Karin will tell you that rather than being theater for the sake of mystery building, this is an attempt at bringing the music to the forefront by separating the listener from both the artist and the source of the sound. “I don’t think that it’s about being mysterious, and it’s nothing that I’m trying to do,” she says. “The music itself should be so good that it doesn’t have to be attached to a person or a face.”
That theory may play to the core of The Knife’s identity, but Fever Ray is obviously the work of a solo artist.

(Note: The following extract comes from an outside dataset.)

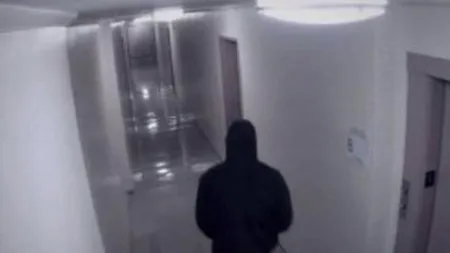 Clip controversat pe YouTube. Ce i s-a întâmplat unui bărbat pe holurile unui spital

With Fever Ray, Karin gives listeners a glimpse behind the masks. “When my first child came, it had a big influence on the Silent Shout album,” she says. “But with Olof involved, it was difficult to incorporate some of those ideas. I’ve taken it a little bit further on this album; I think it’s more personal.”
As a blue-blooded artist, Karin surely will infuse Fever Ray with a unique aesthetic. She’s currently practicing with a band (this is a new discipline for her) before hitting the road for shows in Norway, Sweden, and Denmark. Andreas Nilsson, a long-time collaborator and choreographer for The Knife, will be directing the Fever Ray performances (he’s also responsible for Karin’s über-creepy “If I Had a Heart” video, in which two children are calmly shuttled away from the nightmarish scene of a cult procedural gone wrong). Karin was hesitant to give away too many details of the live performance, but let on that “it will be a collision between analog and high tech, but more organic to fit the Fever Ray sound.”
On top of supporting the Fever Ray album, she will join Olof in the studio for another Knife album sometime next year. After divulging that development, Karin lets out an unscripted laugh, as if she had just run through a mental checklist of everything that’s currently on her plate. “But 2009,” she says, “is for Fever Ray.”